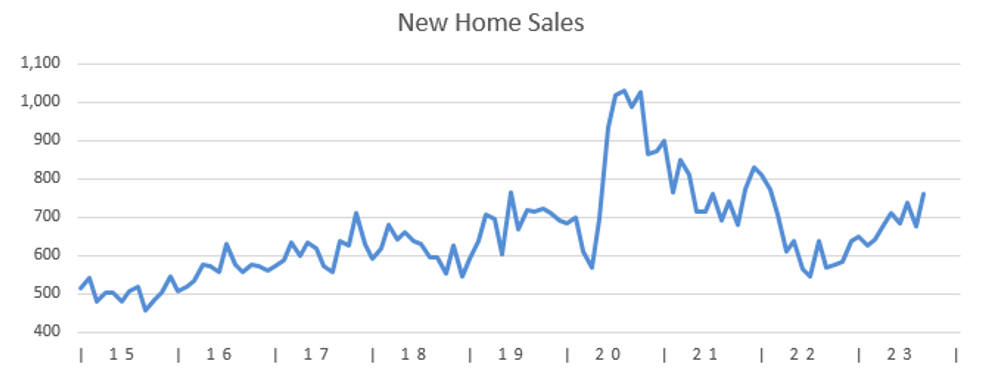 009-new-home-sales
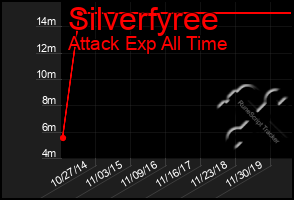 Total Graph of Silverfyree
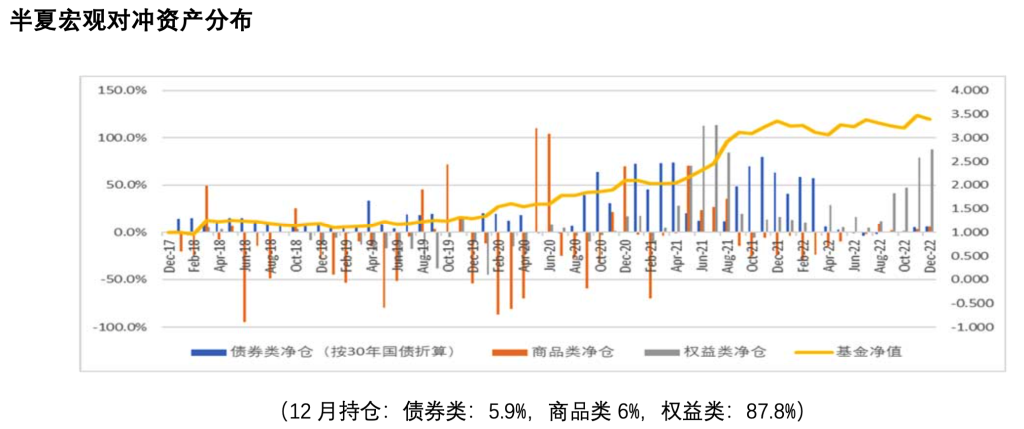 半夏宏观（2月）：净值新高，但股票仓位已降低一半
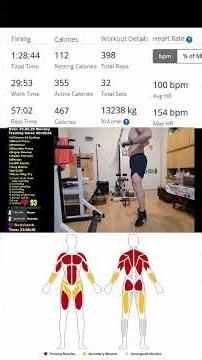 Fitness Workout Live Stream 25.05.2026 full video in desc. fis #fitness #gym #workout #training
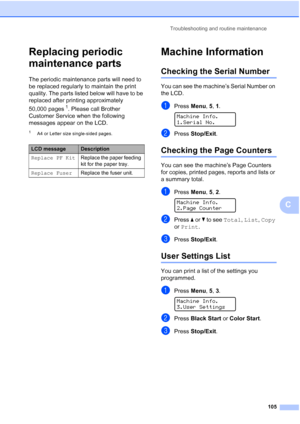 Page 117Troubleshooting and routine maintenance
105
C
Replacing periodic 
maintenance parts
C
The periodic maintenance parts will need to 
be replaced regularly to maintain the print 
quality. The parts listed below will have to be 
replaced after printing approximately 
50,000 pages
1. Please call Brother 
Customer Service when the following 
messages appear on the LCD.
1A4 or Letter size single-sided pages.
Machine InformationC
Checking the Serial NumberC
You can see the machine’s Serial Number on 
the LCD....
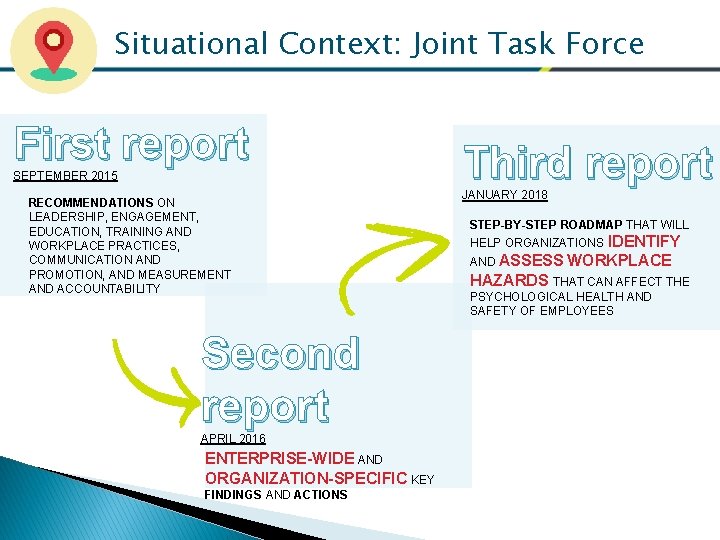 Situational Context: Joint Task Force First report SEPTEMBER 2015 RECOMMENDATIONS ON LEADERSHIP, ENGAGEMENT, EDUCATION,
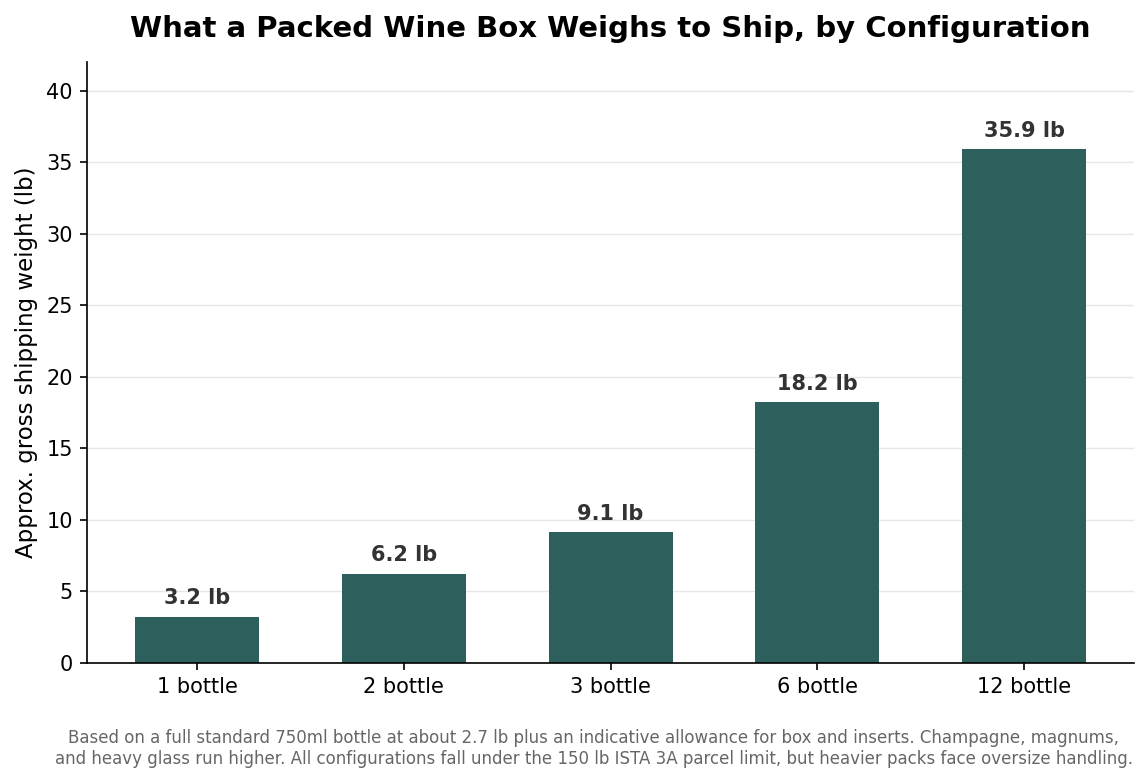 Bar chart of approximate gross shipping weight by wine box configuration, from about 3 pounds for one bottle to about 36 pounds for twelve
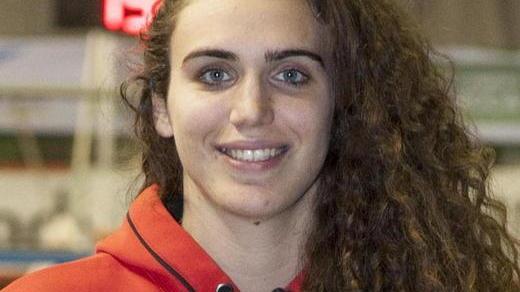 Il Basket Le Mura all’esame di maturità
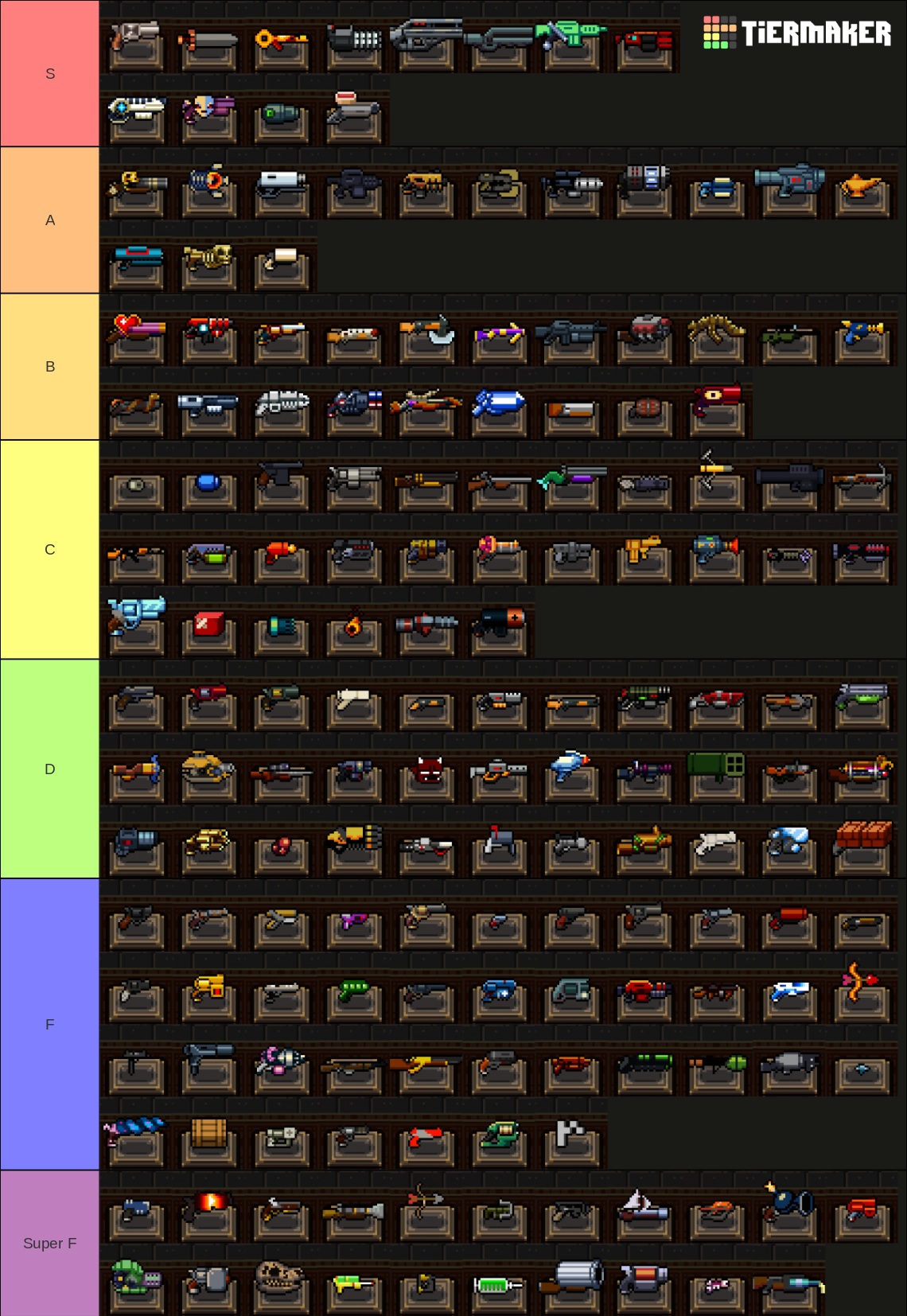 Enter the Gungeon All guns in the game Tier List Rankings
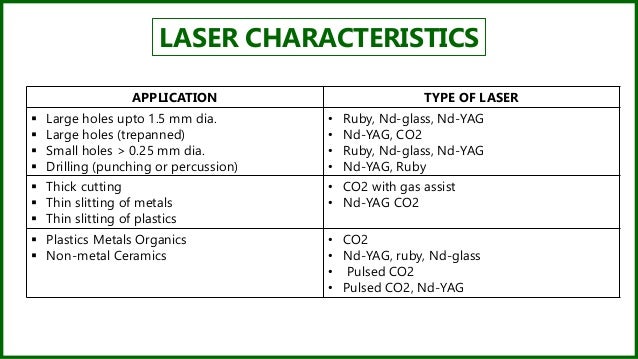 Laser Beam Machining Pdf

★ ★ ★ ★ ★

▶ _What the task requires_
Show each line of the records above containing "periodic".

▶ _Response for this exercise_
Replacing periodic 
The periodic maintenance parts will need to 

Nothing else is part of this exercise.